## ASSIGNMENT
The pictures do not belong in the copy. Restate all of the records word for word.

▬▬▬▬▬▬▬▬▬▬

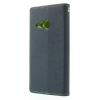 Кожен калъф Flip тефтер Mercury GOOSPERY Fancy Diary със стойка за HTC One Mini 2 / M8 Mini - тъмно син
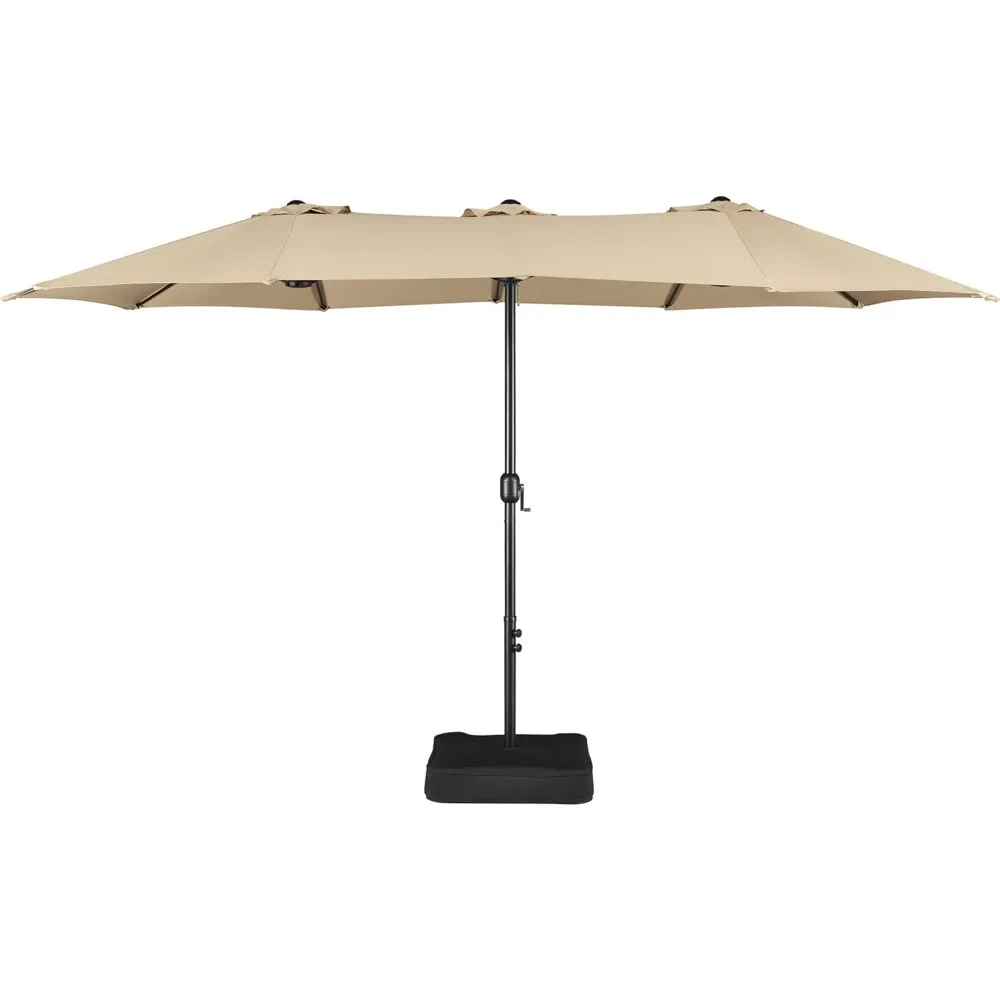 15 Ft Triple-size Patio Umbrella W/Base Included - Market Extra-Large Double Sided Umbrella - Twin-size Patio Parasol
15 Ft Triple-size Patio Umbrella W/Base Included - Market Extra-Large Double Sided Umbrella - Twin-size Patio Parasol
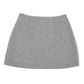 Wool Cloth Skirt Drizzly GraY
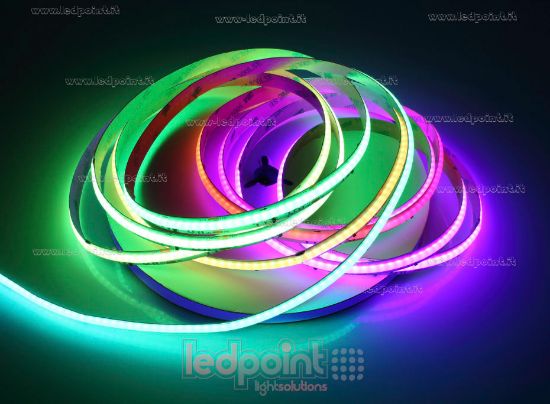 Image de Ruban led matriçable RGB 5m COB WS2811 chip 720led/m 24V 19W/m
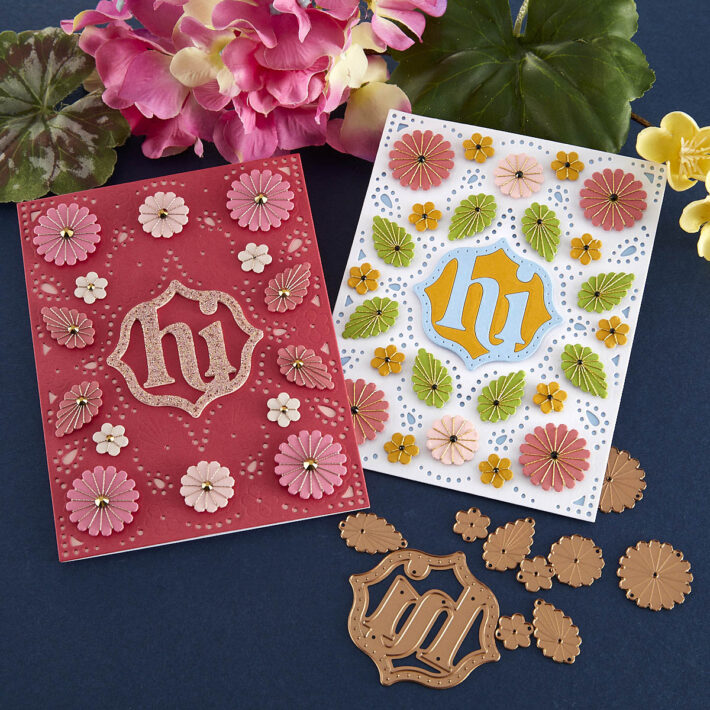 August 2023 Stitching Die of the Month Preview & Tutorials – Stitched Floral Cardfront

▬▬▬▬▬▬▬▬▬▬

## EXERCISE OUTPUT
 Кожен калъф Flip тефтер Mercury GOOSPERY Fancy Diary със стойка за HTC One Mini 2 / M8 Mini - тъмно син
 15 Ft Triple-size Patio Umbrella W/Base Included - Market Extra-Large Double Sided Umbrella - Twin-size Patio Parasol
15 Ft Triple-size Patio Umbrella W/Base Included - Market Extra-Large Double Sided Umbrella - Twin-size Patio Parasol
 Wool Cloth Skirt Drizzly GraY
 Image de Ruban led matriçable RGB 5m COB WS2811 chip 720led/m 24V 19W/m
 August 2023 Stitching Die of the Month Preview & Tutorials – Stitched Floral Cardfront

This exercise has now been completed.